# DFW Aquatic Plant Club Meeting 1 P.M. January 27, 2018



## bsboust (Nov 26, 2014)

A DFW Aquatic Plant Club meeting will be held on Saturday January 27th at Texas Aquatics located at 6908 Baker Blvd in Richland Hills. 
The meeting will be from 1-3 p.m and we will discuss the meeting schedule for 2018 along with plans for the website and social media. The 2018 $20 annual membership is now due and is payable at the meeting or through paypal to Treasurer Mike Herod (Crownman). 
Drawings for door prizes and the plant swap will be held at the end of the meeting and both are limited to DFW-APC members. Please bring drinks or a snack to share and be sure to sign in when you arrive as the numbered signature sheet will be used to award door prizes.
DFW-APC members will receive an email with meeting details. For others wishing to attend please feel free to show up and attend the meeting or contact bsboust or Crownman for more details..


Brad Boustead (bsboust) 
Secretary: DFW Aquatic Plant Club


----------



## CrownMan (Sep 12, 2005)

I will be tearing down my 7 gallon cube and donating a lot of endlers for anyone that wants them. That tank is wall to wall and top to bottom filled up with a single species of Bucephalandra that I plan on using for door prizes. I will also bring a bunch of Crypts, some Bolbitis, a few stems of Bylxa Japonica and Bacopa Caroliniana. Hope the weather cooperates as I have quite a few trimmings to bring.

If anyone wants some Endlers or a trio of Red Wag Swords, pm me and I'll bag some with your name on it. I have 2 or 3 trios of swords to bring.


----------



## DaTrueDave (Dec 28, 2003)

I would be interested in a trio of Swords, but only if other club members don't want them. They should do fine with my ol' gourami. I've never had Endlers before, think they'd hold their own with a big ol' gourami?

I'll have my CO2 up and running on my 55 gallon by then, so I'll be looking for whatever plant trimmings I can get (fast growers, especially).


----------



## stmarshall (Jan 24, 2012)

i can take a few trios of endlers and swords


----------



## MoldyMayo (May 18, 2015)

Looking forward to it!


----------



## fishyjoe24 (May 18, 2010)

Anubias nano petite if any one has some to spare.


----------



## SilentlyAudible (Nov 9, 2017)

I don't have much to offer, but I can bring some baby Amazon sword and a lot of baucopa. I would also definitely be interested in Endlers and Swords!


----------



## orbitup (Oct 31, 2009)

I was fixin to trim my tank but I will wait until next week so I can bring them in.


----------



## fishyjoe24 (May 18, 2010)

plants froze dang heater. I'd like some low lights and nano plants (crypt parva, moss, anubias nana petite. going to set up one of my empty 10 gallons for a betta.


----------



## stmarshall (Jan 24, 2012)

i have extra black Moscow guppies is somebody wants a few. I will check this site Saturday morning and see if anybody wants some. First come first service if a lot of people want some. they are not real fancy


----------



## bobalston9 (Aug 13, 2017)

Anyone have any cherry red shrimp they can spare?

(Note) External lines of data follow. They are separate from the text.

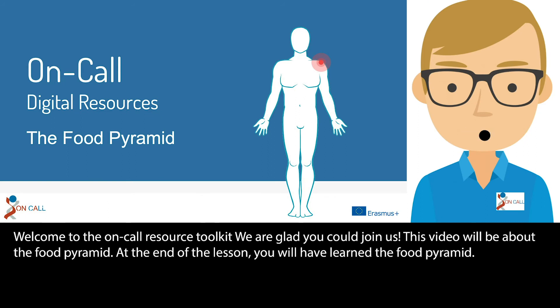Welcome to the on-call resource toolkit. We are glad you could join us. This video will be about the food pyramid. At the end of the lesson you will have learned about the food pyramid.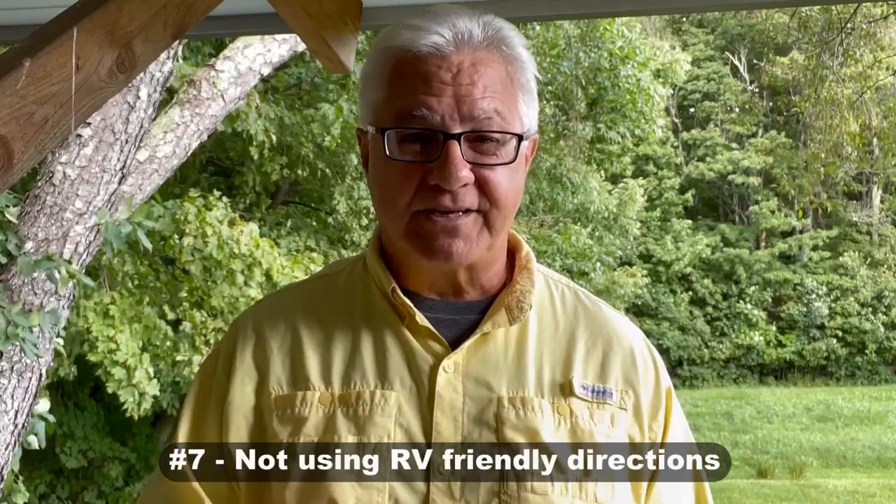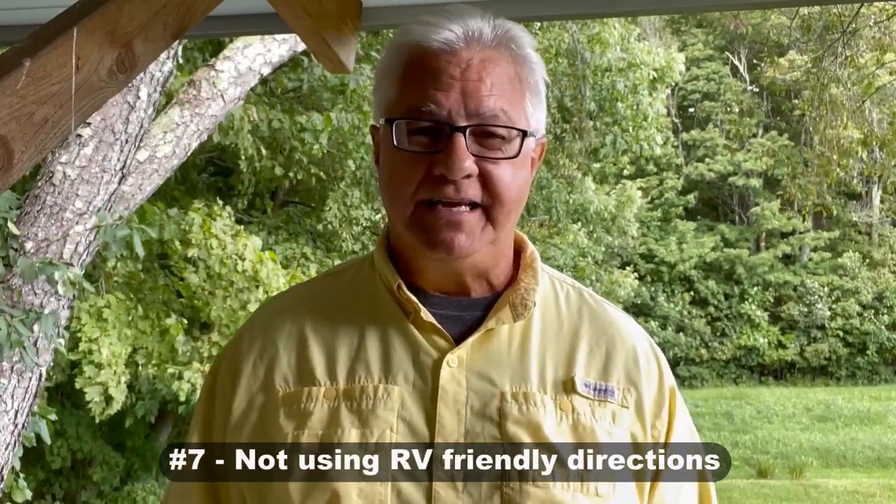The next mistake is not using RV-friendly directions while traveling. We all like Google Maps in our car, but Google Maps is not designed for RVs or large vehicles. If you follow its directions, there's a very good chance you'll wind up on a road you shouldn't be on because of your size, or be led into a hazard — like low railroad bridges in the Northeast. Use RV-friendly directions, either from an RV GPS unit or an app like RV Life tied to RV Trip Wizard.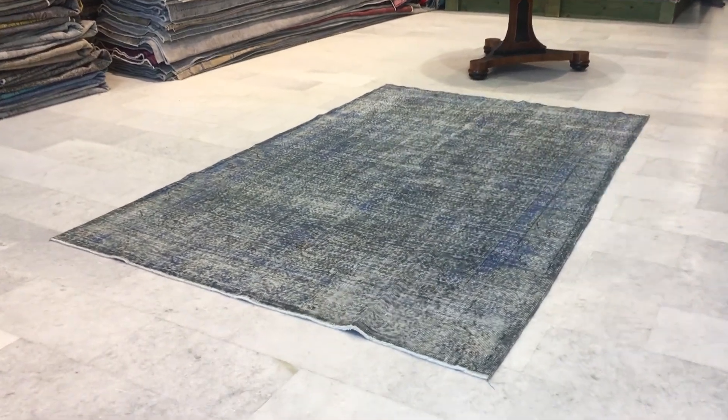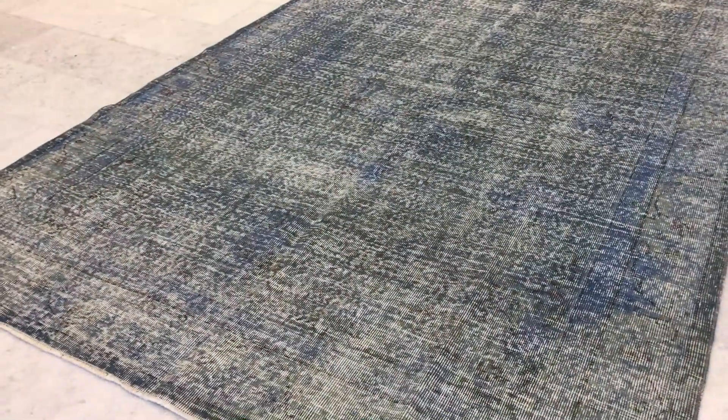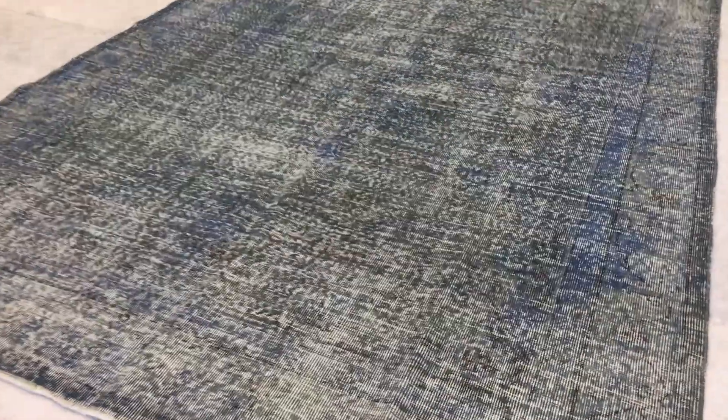This is Vintage Carpet 15740. It's a Turkish handmade carpet with a very unique, beautiful look. It has a very nice combination of blues and almost grey and green combined together. Absolutely unique — you don't see this very often.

I have a 55 gal setup with three adult platys and three adult guppies for two of my grand girls. Lots of baby platys and a few baby guppies. 2 cory cats.

But I have a lot of hair algae. I have been improving on my fertilizer dosing, KNO3 mostly.
Have a 24x7 light from finnex.

Any other ideas for hair algae eating things that won't eat baby livebearers?

Bob


----------



## DutchMuch (Apr 12, 2017)

bobalston9 said:


> 2 cory cats.


Corydoras (all) require 6/+ since they are schooling fish, i recommend you make this one of your priorities since they do not act the same under that size of a group. 6 is considered the Minimum.


----------



## MoldyMayo (May 18, 2015)

bobalston9 said:


> Anyone have any cherry red shrimp they can spare?
> 
> I have a 55 gal setup with three adult platys and three adult guppies for two of my grand girls. Lots of baby platys and a few baby guppies. 2 cory cats.
> 
> ...


I would suggest Mollies, they love some hair algae. I think platys will eat it too, but probably won't if you're feeding the tank a lot. Otherwise amano shrimp if the strands aren't too long.


----------



## MoldyMayo (May 18, 2015)

stmarshall said:


> i have extra black Moscow guppies is somebody wants a few. I will check this site Saturday morning and see if anybody wants some. First come first service if a lot of people want some. they are not real fancy


If you have a trio to spare I could use some more dither fish for a breeding tank. 
I'll have some plants with me to trade if you want them.


----------



## fishyjoe24 (May 18, 2010)

nice seeing new members, oh and Kevin I not sure what I did wrong on the friends request on facebook try again please. send a pm.


----------



## DaTrueDave (Dec 28, 2003)

CrownMan said:


> If anyone wants some Endlers or a trio of Red Wag Swords, pm me and I'll bag some with your name on it. I have 2 or 3 trios of swords to bring.


So, we talked about that neocaridina hitchhiker that tagged along with the swordtails. You said that your shrimp had started out as cherries, but that, over time, they had reverted to their natural wild colors. Well, I'm not sure if he molted, or it's the algae, or my fish food, or what, but he's a bright vivid red now. I need to get some more cherries now!

Thanks again for the fish (and shrimp)!


----------



## CrownMan (Sep 12, 2005)

My cherries do sometimes produce a bright red. Glad you like them. Neocaridinas are a great clean up crew. They breed like crazy, live one to one and a half years, never sleep and always are looking for food. They are also very tolerant to changing tank conditions. I have colinies them in every one of my tanks.


----------



## fishyjoe24 (May 18, 2010)

who got picked as B.O.D. ETC what will be the schedule for this year. I missed it since I got a slight late start and stuck in some traffic.


----------



## bsboust (Nov 26, 2014)

I am compiling all the meeting notes and will post them in the next couple of days. I will tell you that the existing Board of Directors was voted into office for another year. 

Brad Boustead
Secretary
DFW Aquatic Plant Club


----------